ETF shares are created when an “authorized participants typically a large institutional investor, such as a broker-dealers enter into a contract with an ETF, to allow it to deposit a daily “creation basket” (or cash) with the ETF. In return for the creation basket or cash , the ETF issues to the authorized participant a “creation unit,” a large block of ETF shares (generally 25,000 to 200,000 shares)
ETF shares may be redeemed through the reverse of the creation process. That is, an authorized participant presents the specified number of ETF shares to the ETF in exchange for a “redemption basket” of securities,
What are the advantages of EFTs compared to mutual funds?
ETFs and mutual funds are similar because they pool money from the investors and invest in various securities.
1) Trading flexibility
ETFs are bought and sold during the day when the markets are open. The pricing of ETF shares vary throughout the day. Thus the trading opportunities that arise during a day may be better utilized. ETF investors know within moments how much they paid to buy shares and how much they received after selling.
Any investment or redemption from a mutual fund is executed on closing NAV at the end of the day. Thus, the live trading is not possible.
ETFs can also be purchased on margin by borrowing money from a broker. It is not possible in Mutual funds
In an Index Fund, the portfolio created is exactly mirrors the index. If the Index has 50 stocks, the fund will also have those 50 stocks. MF unit’s price will be equal to that fund’s net value divided by the number of outstanding shares. Outstanding share represents the number of units of a mutual fund.
ETF is a fraction of shares in the index. For example, if an ETF is 1/100th of a benchmark index and if the index level is 19448, then one unit of the ETF will be available at Rs 194.48.
3) Expense ratio
The expense ratio of ETF is much lower than mutual funds ETFs do not need active portfolio management as they replicate the performance of the index. Hence, the the expenses associated with ETF investments are low.. The expense ratio of ETFs may come around 0.35%.
However the expense ratio of mutual funds will be around 2%.In case of mutual funds the fund manager actively takes investment decisions on behalf of the investors. Hence, the fund management expenses are higher.
ETFs are much more tax-efficient than Mutual Funds. ETFs, use creation units that allow for the purchase and sale of assets in the fund collectively. ETFs have very little turnover, so fewer capital gains than an actively managed mutual fund .Secondly, the majority of ETFs have passively managed . Here portfolio changes only when there are changes to the underlying index rather than actively selecting securities. .Mutual funds are actively managed.
Long term capital gain(hold on ETFs for more than a year )will be taxed at 10% .Holding on to ETFs for less than one full year will result in a short time capital gains of 15%..
Mutual Funds vs ETF
|ETFs can be actively bought and sold on exchanges, similar to individual stocks.
|Mutual funds only can be purchased at the end of each trading day based on a calculated price known as the net asset value(NAV)
|ETFs are typically passively managed.
|Mutual funds can be both active or passive, but most mutual funds are actively managed, meaning fund managers made decisions about how to allocate assets in the fund.

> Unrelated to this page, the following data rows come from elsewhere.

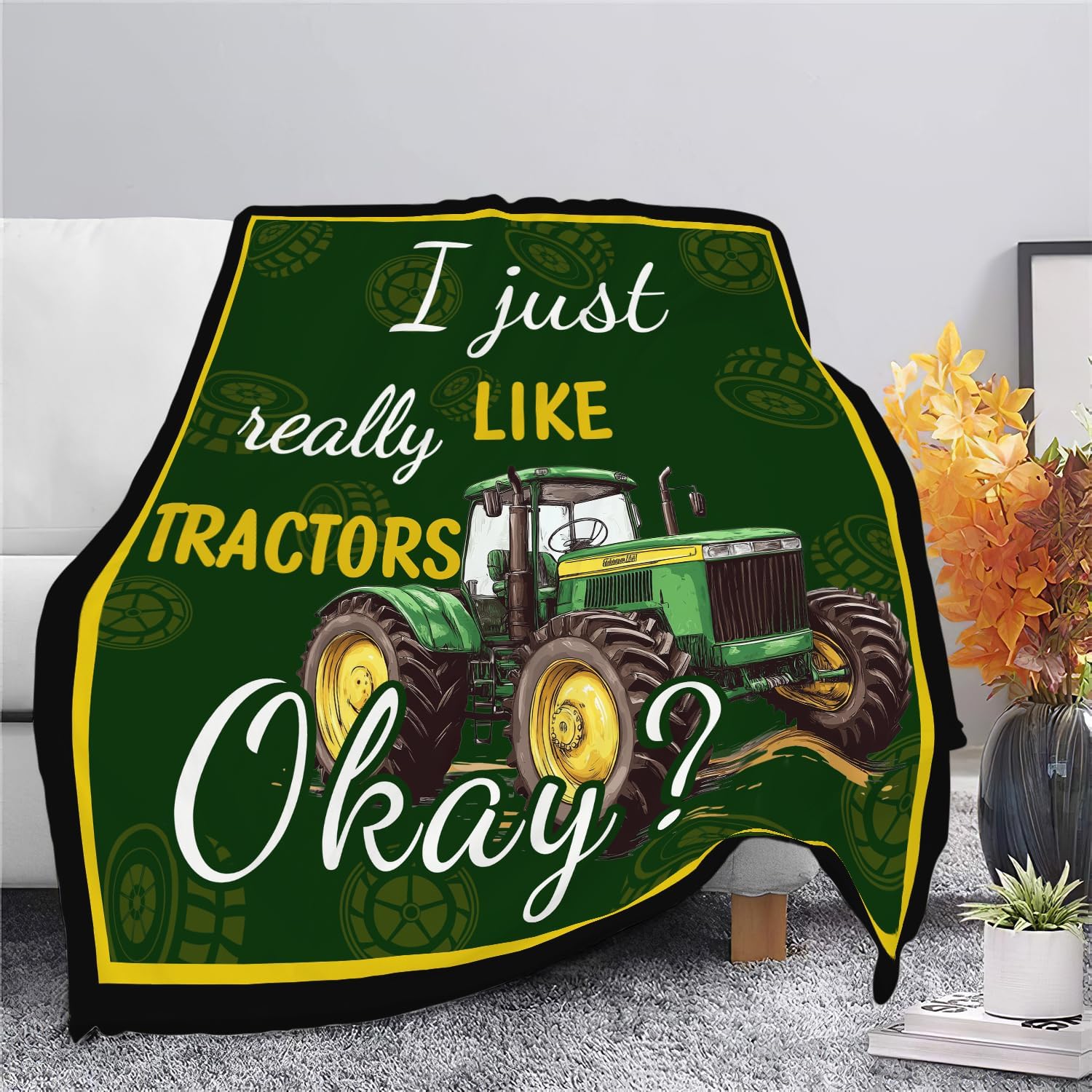 Tractor Blanket Farm Green Tractor Throw Blanket Gifts for Women Girls Men Boys Kids Adults Super Soft Cozy Plush Fluffy Fuzzy Fleece Blanket Decor 60''X80''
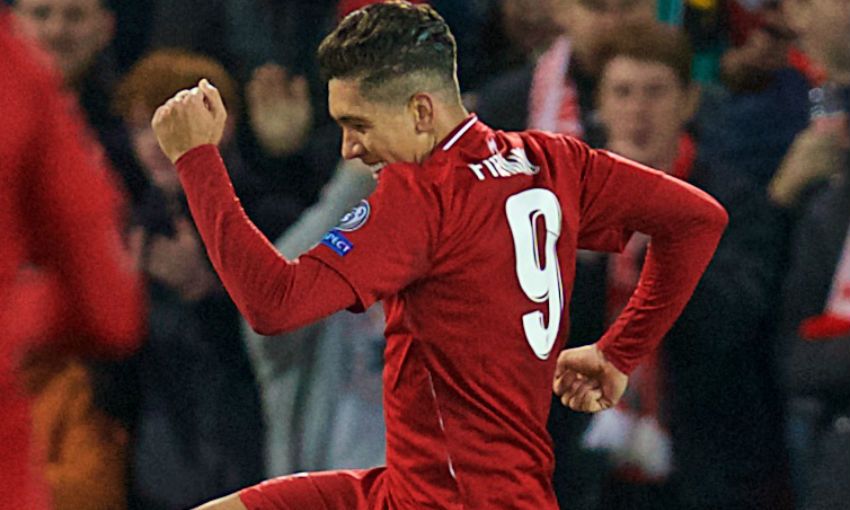 Liverpool FC's Roberto Firmino celebrates scoring v Red Star Belgrade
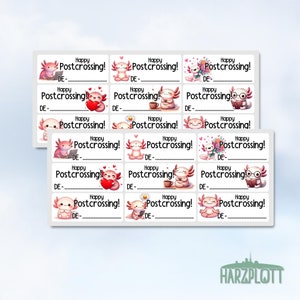 Happy Postcrossing Sticker süße Axolotl Lurch Aquarium seltene Tiere Mexiko Tierfreund DE US CA Stickerbogen Easy Peel Off Sticker Sheet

|ETF expense ratios could be as low as 0.35%.
|An active mutual fund could have expense ratio up to 2%.
|ETFs are more tax-efficient as they have a lower capital gain tax
|Mutual Funds are less tax-efficient.
|Higher liquidity ,as day trading is possible
Asset allocation with proper levels of diversification could be difficult for individual investors . ETFs provide investors with exposure to broad segments of the equity markets with low minimum investment amount. ETFs offer a wide range of investment options, including equity ETFs, bond ETFs, sector-specific ETFs, commodity ETFs, and more. Investors can choose ETFs that align with their investment goals and risk tolerance .Each ETF has its own investment strategy, risk profile, and fees, so it’s crucial to understand these factors before making any investment decisions.